Sempre in Humanitas, l’équipe di Cardiologia interventistica ha appena realizzato l’impianto di una nuova protesi per l’insufficienza valvolare mitralica. L’intervento, per via transfemorale e senza incisione chirurgica, costituisce un primato in Europa, offrendo nuove possibilità di cura per i malati non idonei alla riparazione percutanea e chirurgica convenzionale.
«Un’altra grande innovazione nei device cardiaci» racconta Angelo Di Grazia, dirigente medico presso la Cardiologia del Policlinico G. Rodolico di Catania (diretta dal professore Corrado Tamburino) «è il pacemaker Micra: rispetto al dispositivo tradizionale, è una semplice “capsula” senza elettrocateteri, posizionata nella cavità endocardica attraverso la vena femorale. Viene fissato con 4 alette metalliche che gli permettono di agganciarsi all’interno del ventricolo destro. Noi per ora ne inseriamo una quindicina all’anno».

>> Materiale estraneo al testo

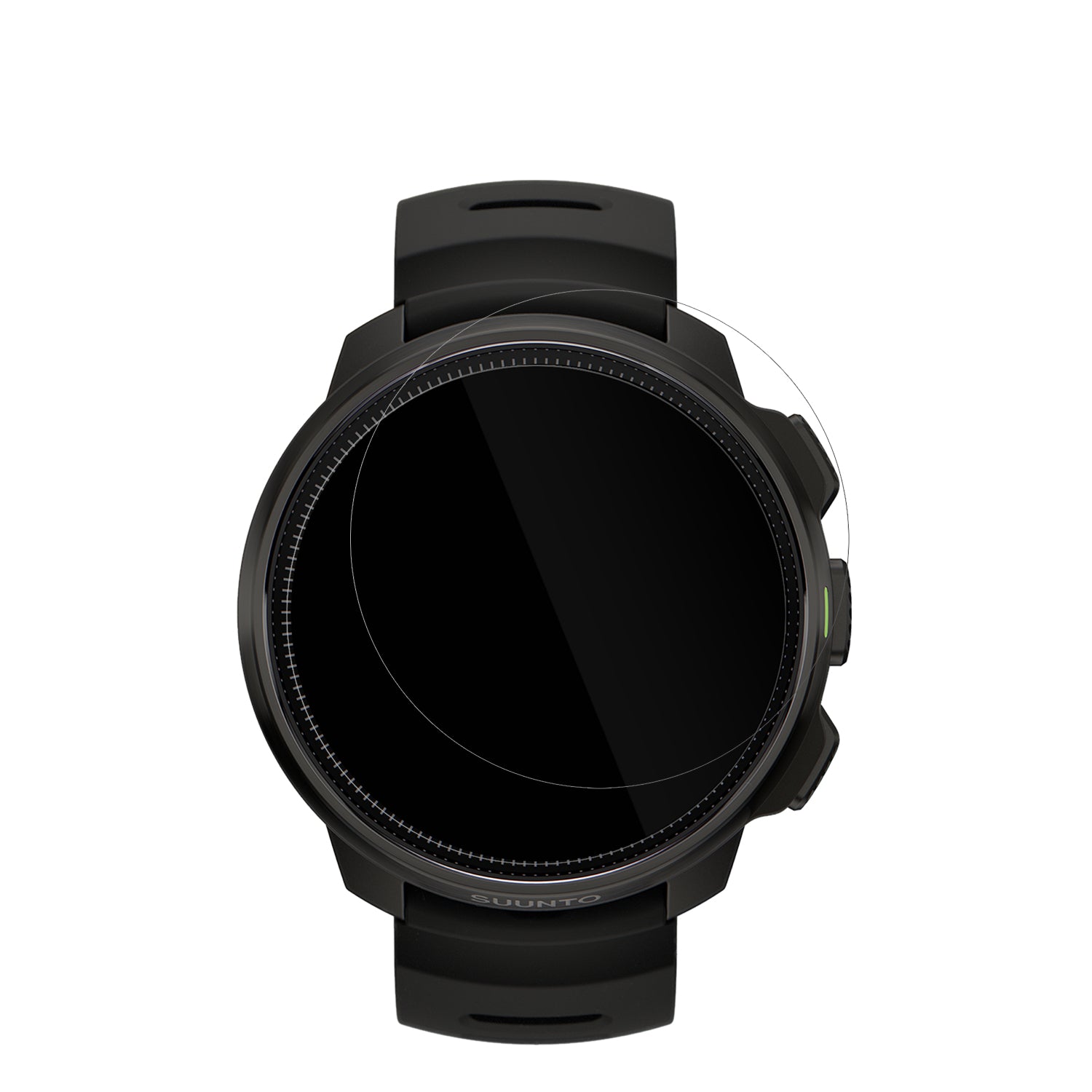 SuuntoOcean mit aufgebrachter dipos Displayschutzfolie, glasklare Darstellung ohne Einschränkungen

Ci sono poi i defibrillatori impiantabili per le aritmie maligne che potrebbero essere fatali: il loro compito consiste nell’erogare uno shock (di defibrillazione), per salvare il paziente dall’arresto cardiaco.
Ma il nostro corpo non riconosce mai come «estranei» questi device? «No, nella pratica clinica non abbiamo mai riscontrato reazioni allergiche o rigetto» risponde Frontera «né è mai stata descritta in letteratura». Ciò che può succedere, ma in una piccolissima percentuale, è che il paziente non accetti il dispositivo e continuando a «toccare» ripetutamente il punto di impianto riesca a ruotarlo, ingarbugliando i fili. È la sindrome di Twiddler, che spinge a manipolare il dispositivo dall’esterno, anche in modo inconscio; è la nostra mente, assurdamente impegnata a boicottare la tecnologia che, invece, può salvarci la vita.